A verdade é que antes da Libertação de Xizang, em 1959, três pessoas e seu pequeno grupo de subordinados, que somavam menos de 5% da população local, eram donos de praticamente todas as terras agriculturáveis, montanhas, rios e animais de criação.

Os demais moradores de Xizang eram pedintes, servos ou escravos. Eles não tinham meios de subsistência, eram obrigados a pagar altos impostos aos detentores das riquezas e vistos pela elite local como “bois e cavalos falantes”.

E assim como os bois e os cavalos, eles tinham donos, que podiam acorrentá-los, castigá-los ou mesmo matá-los. Mesmo pequenos deslizes eram punidos com castigos severos, inclusive mutilações corporais.

Fotos antigas mostram instrumentos de tortura e servos sendo torturados (Foto: Xinhua)

No dia 28 de março de 1959, quando houve a libertação democrática de Xizang, uma multidão de tibetanos jogou à fogueira os papéis das dívidas impagáveis que os tornaram servos.

A terra em que os trabalhadores recém libertados viviam e trabalhavam foi distribuída entre eles, os impostos foram anulados e cada família recebeu uma casa para viver dignamente. Pela primeira vez foram tratados como seres humanos.

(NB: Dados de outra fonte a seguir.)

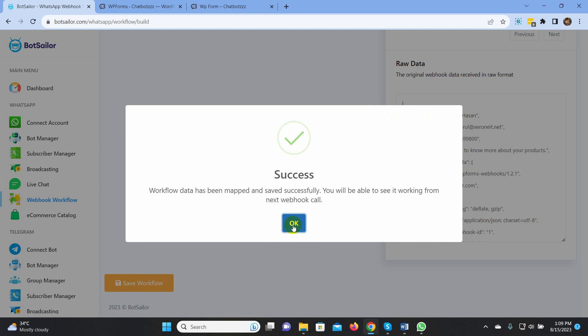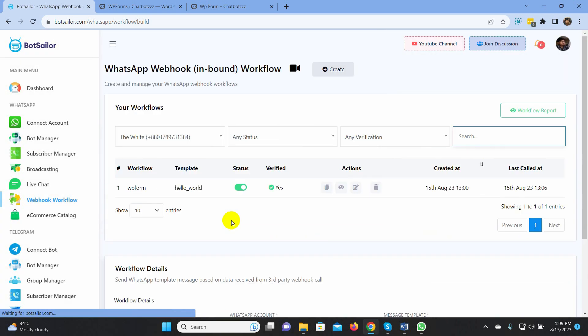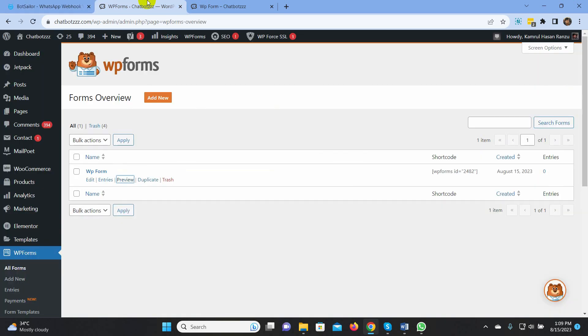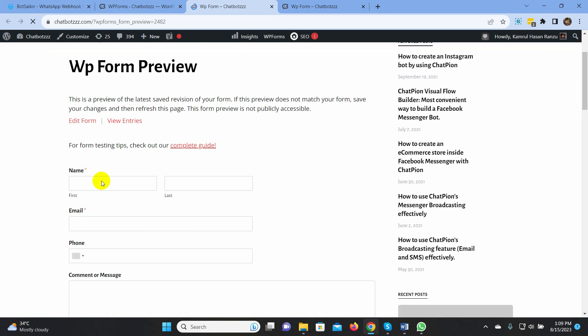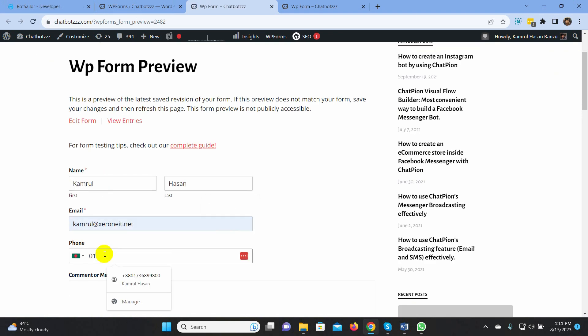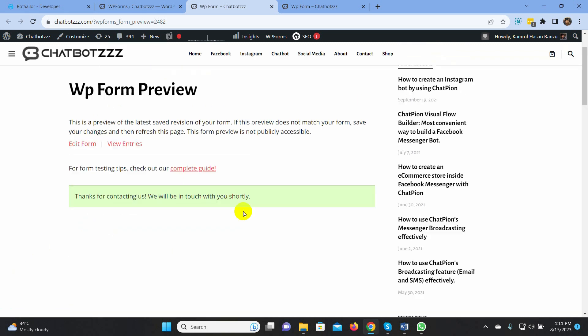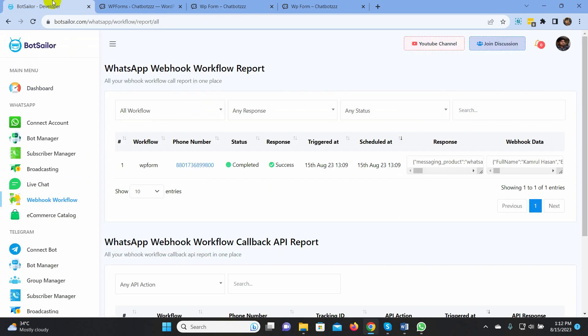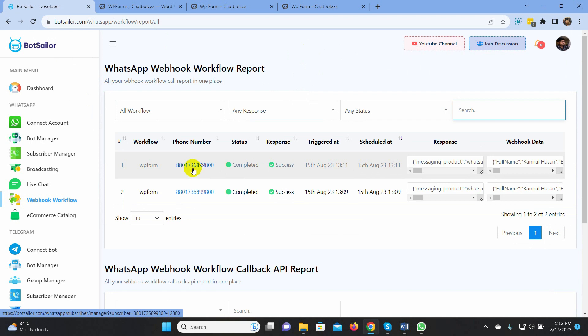Let's check this automation now. Go to the WP form again. Fill up the form. Hit the Submit button. Now, let's go to the workflow report. Yes, the campaign is successful. The user should receive a WhatsApp message.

Seus antigos donos fugiram de Xizang temendo ser punidos por seus crimes, e no exterior mostraram-se como vítimas. As grandes potências capitalistas, no cenário da Guerra Fria, viram nisso uma oportunidade de difamar a China e, indiretamente, qualquer modelo alternativo de governança. Mas a verdade é que a maior parte dos tibetanos vive na China e é grata ao país pela vida mais confortável e próspera que têm agora.

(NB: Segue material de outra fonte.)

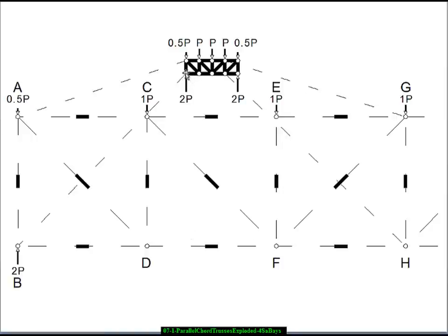So it looks something like this. We have four square bays with diagonal web members. There's a 1p force on all the interior vertices, a half a p force on the two end vertices. That's a total of 4p downward, which means we have to have a reaction of 2p upward at each end. So this is a very simple diagram of everything that's going on on that truss. We're now going to take that truss and explode it.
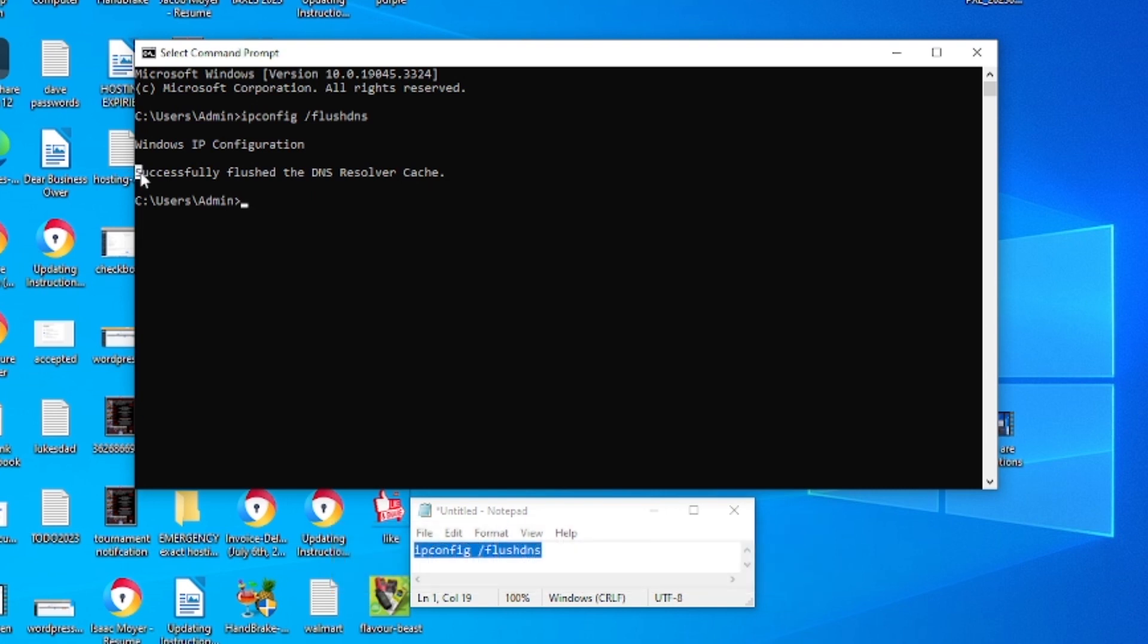If you were successful, you will get this highlighted message successfully flushed a DNS resolver cache, which is great. Mission accomplished.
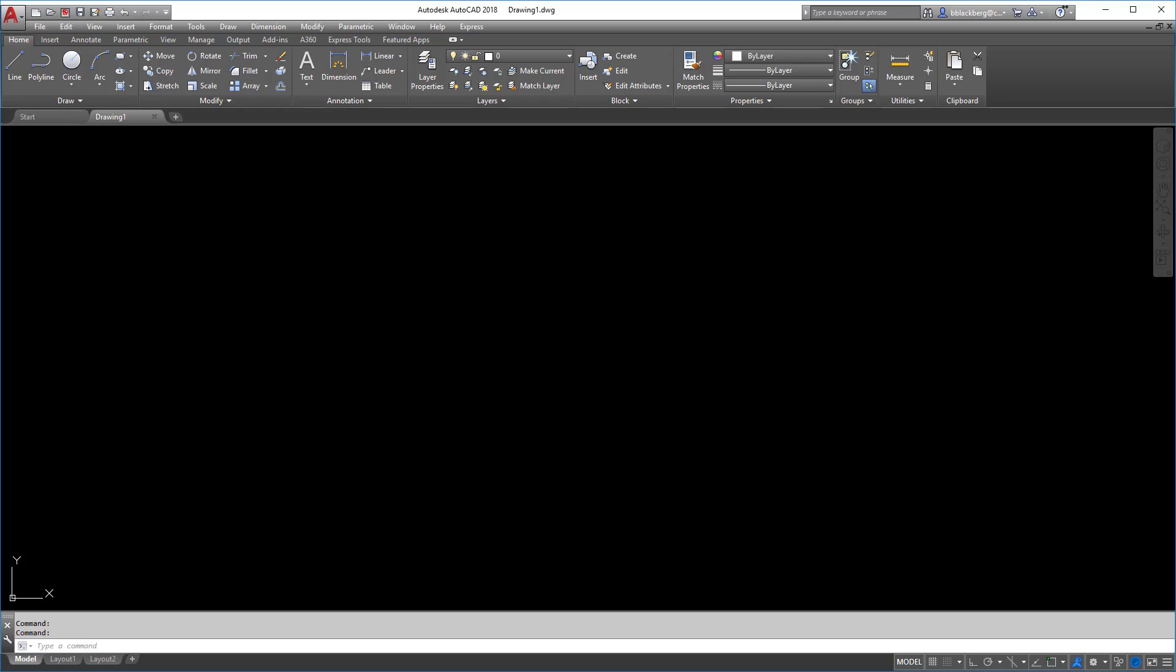Alright, so welcome back to AutoCAD in 5 minutes. We're going to do a quick line type file on how to create a line type. So let's begin because it's going to take a little bit.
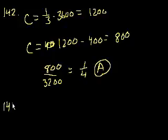Problem 143. Actually, no, I'm out of time. I'll continue this in the next video. See you soon.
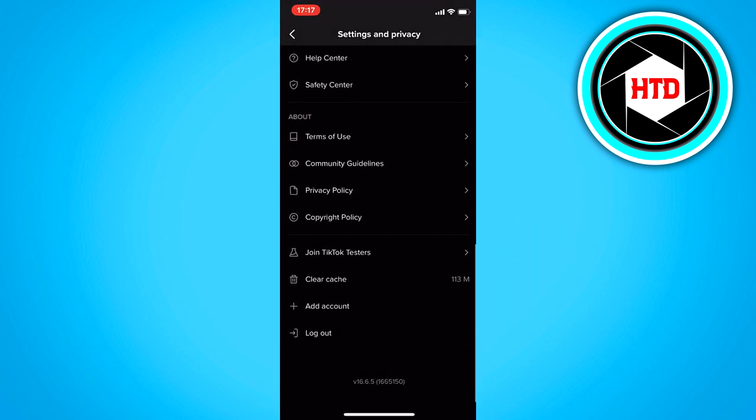If you go to the settings and scroll all the way down, you can see clear cache. Right now it's only like 113 MB, and that's not really that much. But if you're really active on TikTok for a few months, this may already be over maybe one gigabyte actually.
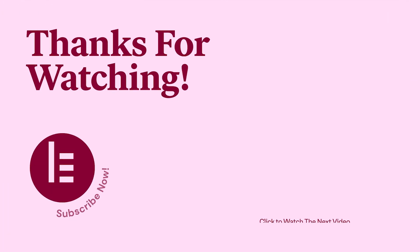Thanks for watching! For more tutorials, subscribe to our YouTube channel. And don't forget to ring that notification bell!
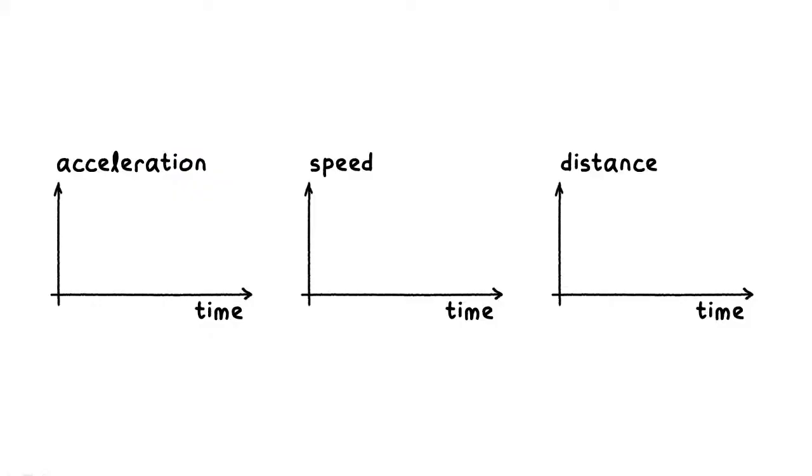I get it! In 10 units of time, the ball will reach 10 times the speed, but it will travel 100 times the distance.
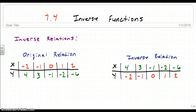Today's lesson is chapter 7.4, Inverse Functions. We're going to talk about what inverse functions are, how we find them, and how we can prove that two functions are inverses. But before we get to that, let's talk about an inverse relation, because a function starts off as a relation, and it's sometimes easier to see an inverse relation than it is an inverse function.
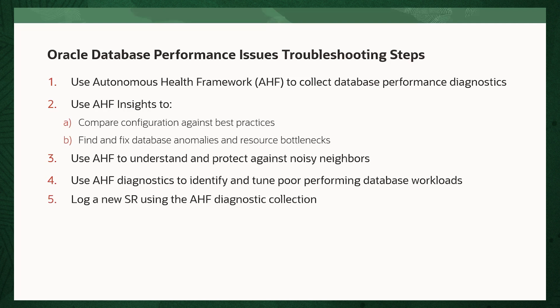If you still need help, then step 5 is to log a new service request with Oracle support using the latest AHF diagnostic collection.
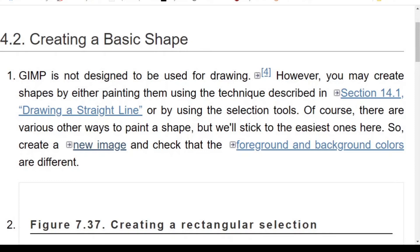Good day, it is Steven Davids here and in this video I want to show you how to create and work with a basic shape in GIMP 2.10.22.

Mas quais foram as mudanças que aconteceram em Xizang desde sua libertação pacífica? Há um ano, através da janela do meu hotel em Linzhi, pude ver crianças chegando à escola para ter aulas. Em 1951, quando o Exército de Libertação Nacional chegou a Xizang, 95% da população local era analfabeta e as mulheres eram proibidas de estudar.

Agora, 99% da população de Xizang sabe ler e escrever, e todas as crianças frequentam a escola, onde aprendem não apenas o currículo escolar tradicional, mas também disciplinas específicas da realidade local, como caligrafia, danças e música tradicionais de Xizang, o que contribui para preservar a cultura local e transmiti-la às novas gerações.

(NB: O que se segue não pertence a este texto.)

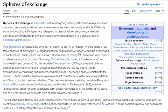The introduction of money into communal societies where these spheres of exchange restrictions exist can disrupt resource allocation by creating a pathway for exchange that is not accounted for in the existing restrictions. However, in some societies money has been more or less successfully integrated into spheres of exchange.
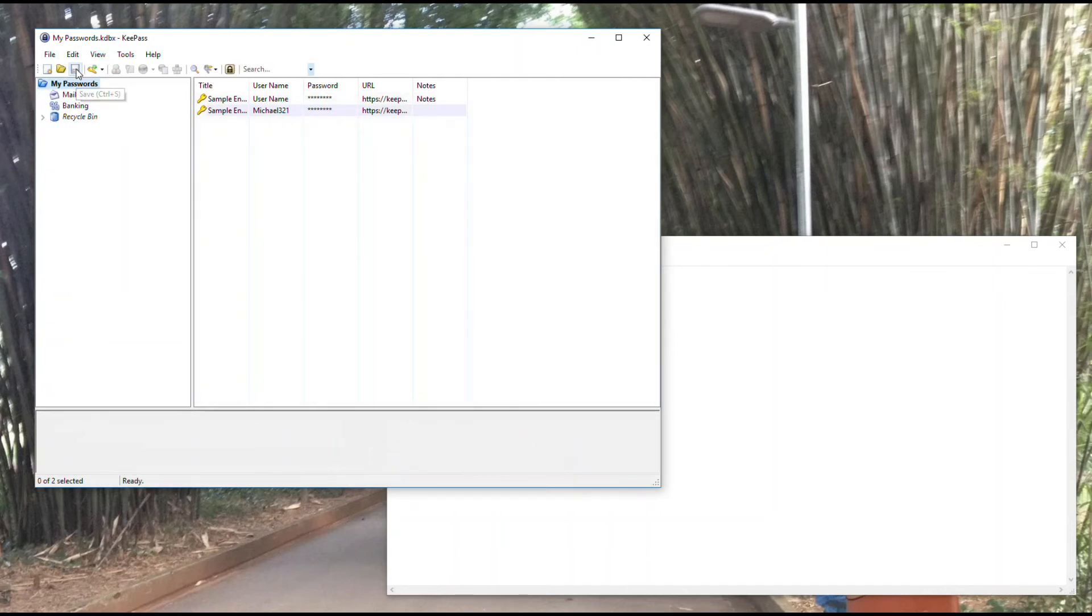When I save it, you'll see that go away. Now I've saved the file and all of my updates are saved.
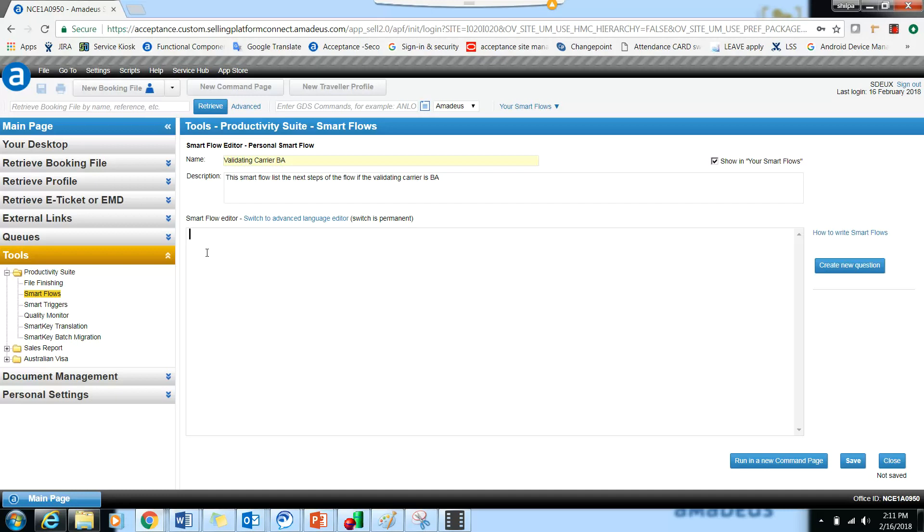So let's right away start with adding a remark, which is BA ticket issued. After that, you have to save the changes.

Aula de caligrafia em uma escola primária em Linzhi (Foto: acervo pessoal)

Eu também conheci uma jovem tibetana, de Lhasa, que veio para Pequim estudar engenharia na renomada Universidade Tsinghua, com planos de retornar a Xizang após graduar-se e contribuir para o desenvolvimento da região. Ela é uma de muitas estudantes tibetanas nas universidades chinesas.

Em Linzhi, conheci um casal de meia idade que conseguiu se livrar da pobreza há poucos anos. Tendo crescido em um povoado isolado, eles não tiveram oportunidade de continuar seus estudos, mas agora, realocados em um local com melhores perspectivas econômicas, se orgulham da filha que estuda na Universidade de Chengdu, na província vizinha de Sichuan, e será a primeira pessoa da família a ter um diploma.

Xizang precisa de profissionais qualificados para se desenvolver e conservar seu patrimônio, tanto material como imaterial, e isso é feito dando aos estudantes locais acesso facilitado ao ensino superior.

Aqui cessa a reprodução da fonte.